Lors d’un court séjour à Berlin. Mes pas ont buté sur les stolpersteine de l’artiste Günther Demnig. Ces stolpersteine, sorte de mémorial contre l’oubli de 10cmx10cm,
sont érigés modestement, encastrés à même le trottoir, face au dernier domicile connu des victimes de la déportation : juifs, tsiganes, homosexuels, opposants
politiques et religieux, handicapés… Ces pierres sont recouvertes d’une plaque de laiton comportant le nom, l’année de naissance et une indication sur le lieu de
la disparition des victimes. Ces trébuche-mémoire - traduction de stolpersteine -, mieux que toute cérémonie commémorative, donnent par leur présence
la dimension de l’atrocité de ces crimes.
Il me fallait agir, transcrire au plus vite cette émotion (j’étais là pour 48h), lui donner corps ; je devais, toutes affaires cessantes, en rendre compte,
matérialiser ces trébuche-mémoire, instantanés d’émotion. Je voulais pouvoir, à mon retour en France, autrement que par le biais de la photo - trop froid - partager
l’indicible de ces petits pavés de laiton, de 10 par 10, plantés çà et là au milieu des pavés de Berlin.

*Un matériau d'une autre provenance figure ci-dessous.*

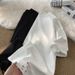Men's Clothing T Shirt Short Sleeves Men 2024 Summer New Hole Design Pure Color Simple Loose Round Neck Half Sleeves American Style_viptrois.com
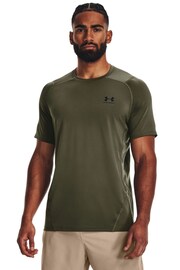 Under Armour Green Heat Gear Fitted T-Shirt - Image 1 of 6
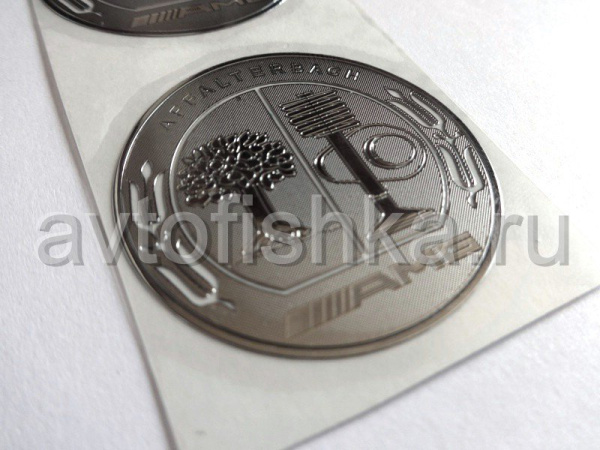 Металлизированная эмблема AMG Affalterbach, комплект 2 шт.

Je me suis alors procuré papier pour gravure, mine de graphite
et un peu de couleur (bronze) et ai réalisé, à même le sol, à traits rapides, vingt deux estampages.
A mon retour, dans le silence de l’atelier, j’ai repris une à une mes vingt deux planches, intervenant à la marge des carrés estampés sur les trottoirs de Berlin.
J’ai voulu par ces estampages – échos du travail de mémoire de Günther Demnig -, arrivés par ricochets à la surface de ma feuille, qu’ils
ricochent à nouveau, dans une sorte de mise en abîme, et s’inscrivent dans un porte folio, pour lequel j’ai retenu six planches, afin de partager mon
émotion avec ceux qui n’auront pas forcément l’occasion de se rendre à Berlin et de leur permettre d’être à leur tour interpellés.